[RAW DATA — start]

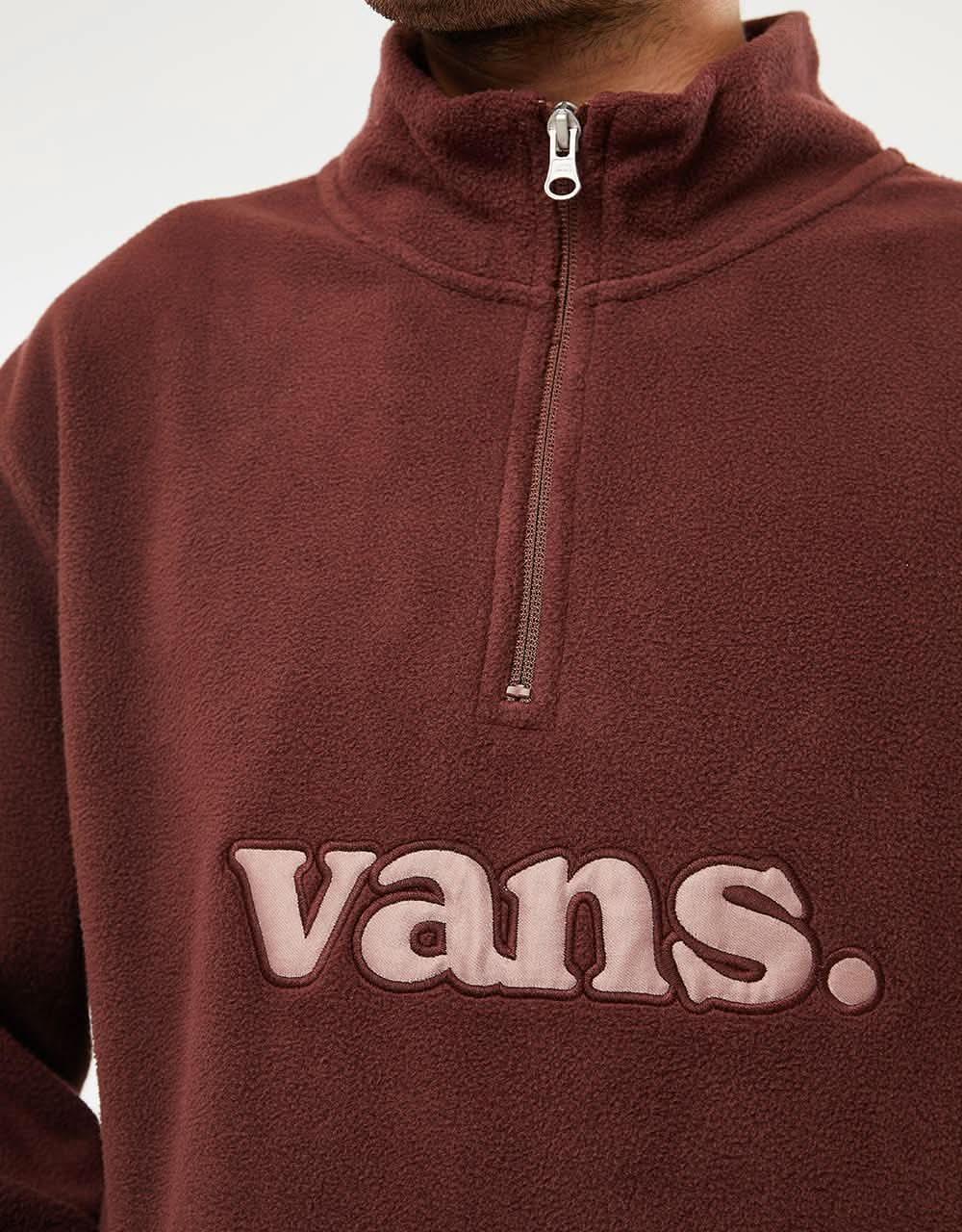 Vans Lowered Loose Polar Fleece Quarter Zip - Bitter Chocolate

[RAW DATA — finish]
[RAW DATA — start]

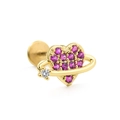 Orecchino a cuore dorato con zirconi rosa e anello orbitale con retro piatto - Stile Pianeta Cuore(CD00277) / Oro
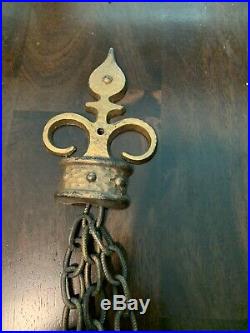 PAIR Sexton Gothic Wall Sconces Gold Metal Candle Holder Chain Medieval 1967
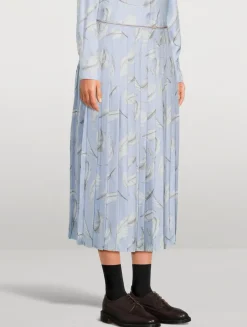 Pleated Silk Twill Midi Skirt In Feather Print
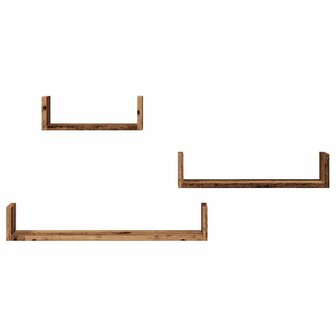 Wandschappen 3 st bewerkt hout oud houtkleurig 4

[RAW DATA — finish]

> WHAT YOU NEED TO DO
Repeat, without pictures, exactly the lines of the data above from the one containing "PAIR Sexton Gothic" through the one containing "Wandschappen 3 st", including both and adding nothing.

> YOUR RESPONSE
 PAIR Sexton Gothic Wall Sconces Gold Metal Candle Holder Chain Medieval 1967
 Pleated Silk Twill Midi Skirt In Feather Print
 Wandschappen 3 st bewerkt hout oud houtkleurig 4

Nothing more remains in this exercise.